Su mirada a través del cristal de la carlinga no era la de uno de esos sanguinarios cazadores, young bloods, aves de presa ansiosas de pintar marcas de aviones enemigos en su fuselaje. Saint-Exupéry, en misión de reconocimiento, no buscaba rivales, volaba, se fijaba en el sol, en el viento, en las estrellas, en la disposición de las nubes y en las extrañas formas que éstas adoptan. Inventaba historias, soñaba. No albergaba demasiadas esperanzas sobre su futuro.

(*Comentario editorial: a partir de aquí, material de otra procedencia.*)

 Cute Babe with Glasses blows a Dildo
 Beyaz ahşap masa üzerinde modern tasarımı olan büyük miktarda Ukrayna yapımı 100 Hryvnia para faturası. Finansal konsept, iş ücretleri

Cuando el depredador alemán lo encontró sobre el Mediterráneo, no tuvo más que colocarse a su espalda y apretar el disparador de sus cañones. Una presa fácil. Súbitamente arrebatado del cielo, Saint-Exupéry cayó, su Lightining P-38, una estrella fugaz, plata ardiente siseando al encontrarse con el mar.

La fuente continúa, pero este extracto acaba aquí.